● **Records supplied**:
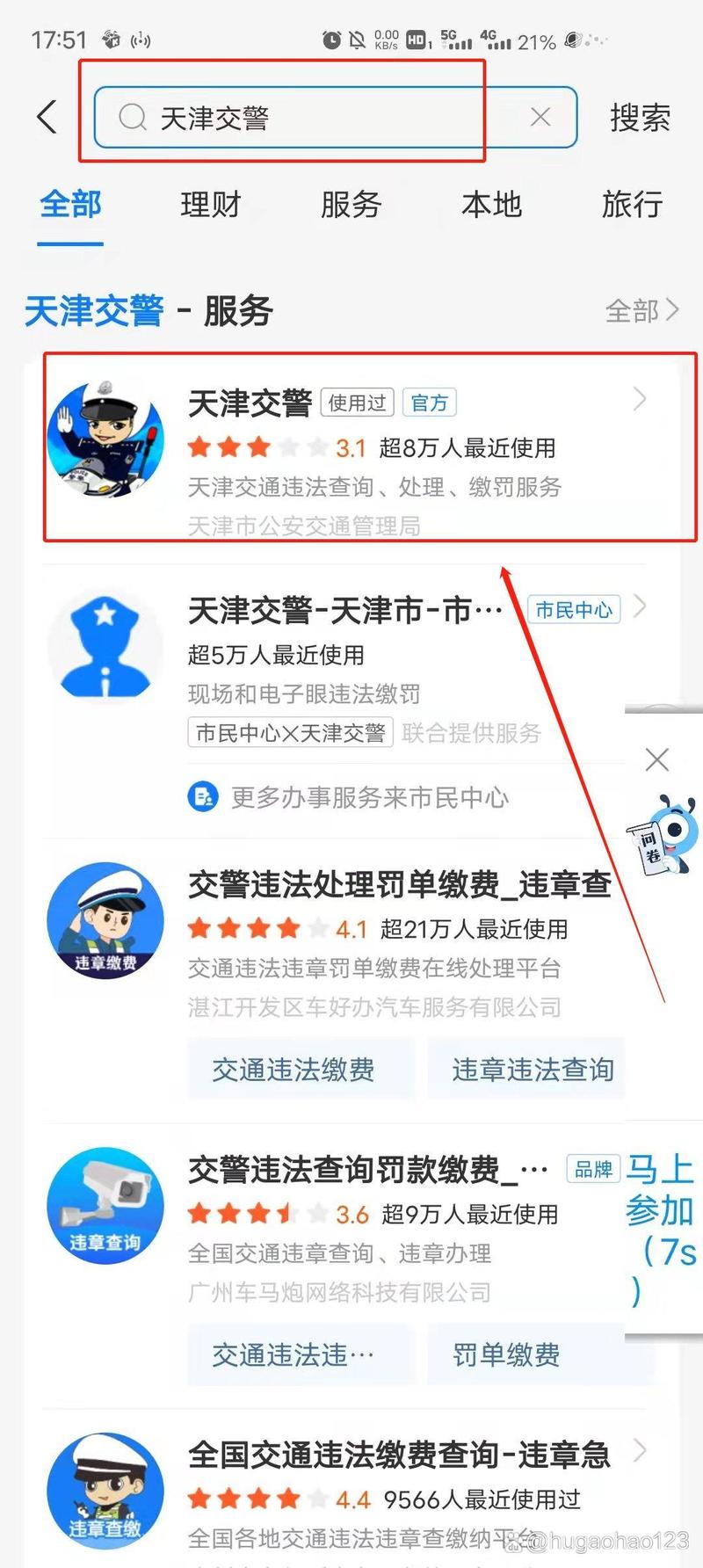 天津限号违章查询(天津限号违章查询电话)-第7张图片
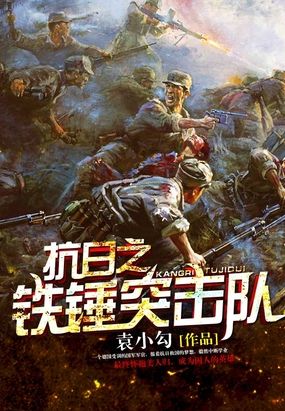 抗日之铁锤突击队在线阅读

---

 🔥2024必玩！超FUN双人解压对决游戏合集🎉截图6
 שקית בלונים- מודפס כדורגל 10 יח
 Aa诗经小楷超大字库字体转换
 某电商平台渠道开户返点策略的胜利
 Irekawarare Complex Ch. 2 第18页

● **Required work**: Word for word, restate the lines of the data above that fall between the line holding "某电商平台渠道开户返点策略的胜利" and the line holding "Irekawarare Complex Ch. 2 第18页", inclusive, and no other lines.

● **The completed task**:
 某电商平台渠道开户返点策略的胜利
 Irekawarare Complex Ch. 2 第18页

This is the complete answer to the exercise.